Investing in a hedge fund will cost you dearly up front, and, particularly given their status as largely unregulated funds, carry a pretty high risk that the investor will see no return whatsoever. On the other hand, when things do go well, the yield can be very, very high.
Carlos Beltran has been phenomenal so far in 2011. He’s made the shift from Gold Glove center fielder to average-glove right fielder, and his 3.3 FanGraphs WAR is fifth among all National League outfielders (albeit well behind the big four of McCutchen-Kemp-Victorino-Braun, about as close to twelfth as he is to fourth). What a team that trades for Beltran should be getting is a huge middle-of-the-order bat with power, patience, and just enough speed and defense to make it a pretty great overall package.

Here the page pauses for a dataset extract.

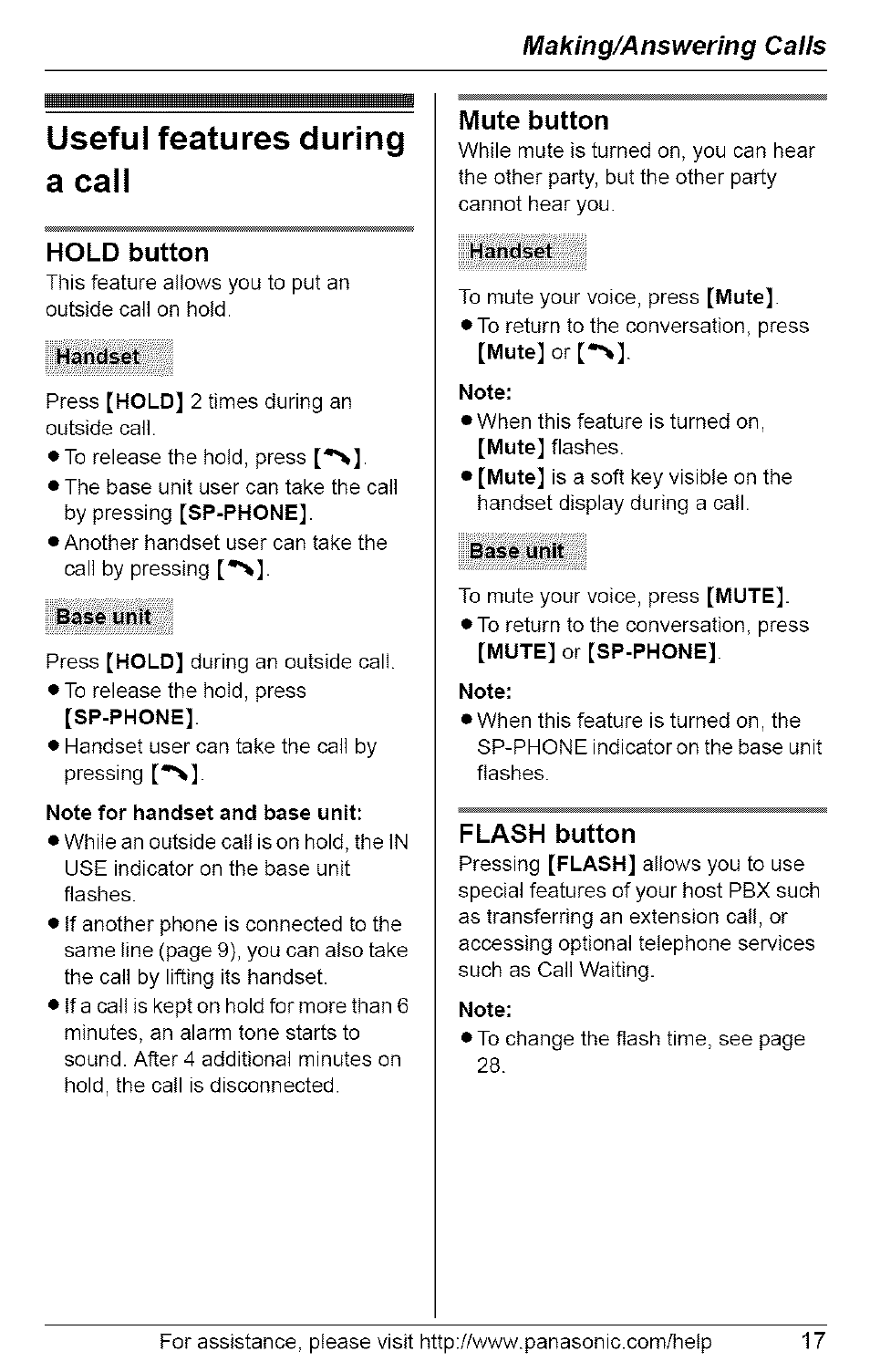 Useful features during a call, Hold button, Handset i | Base unit, Note for handset and base unit, Mute button, Handset, Note, Base tinit, Flash button | Panasonic 5.8 GHZ EXPANDABLE DIGITAL CORDLESS ANSWERING SYSTEM KX-TG6074 User Manual | Page 17 / 56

On the other hand, Beltran’s 89 games played and 377 plate appearances so far in 2011 are already the most he’s had in a year since 2008, having been hampered by a knee injury that could always come back to haunt the 34 year old. And if you want him, he’s going to cost you quite a bit. He could give you the league pennant for that hefty price, as he did for the Astros in 2005, or he could give you basically nothing at all.
Results are not guaranteed, past results are no guarantee of future success, and Carlos Beltran is not insured by or subject to the regulations of any governmental organization.
Jose Reyes is like Godot.
Because he’s not coming.
Reyes was the best player in the NL in the first half, and could be healthy and ready to be activated from the DL as soon as Monday, and as a 2012 free agent to be, has been the subject of trade speculation since before the season began. With the dearth of excellent shortstops around the league nowadays, Reyes could (assuming he’s healthy) be a huge and immediate help to most of the contenders in both leagues, including the Yankees (if they were willing to shove Jeter aside, which of course they’re not) and Red Sox. Fans of pretty much every team could do some pretty serious daydreaming on Reyes.
But as much sense as a Reyes trade might make, the Mets have shown no inclination to explore the possibility, and it’s hard to see a New York team giving in and jettisoning its best player. They’re supposed to acquire veteran superstars through those kinds of trades (see Santana, Johan), not give them up. If I’m the Mets, I seriously look into trading Reyes (as you can probably tell), but I don’t think they will. It seems much more likely that they’ll hang onto him and try to resign him long-term (and probably too long-term and for too much money).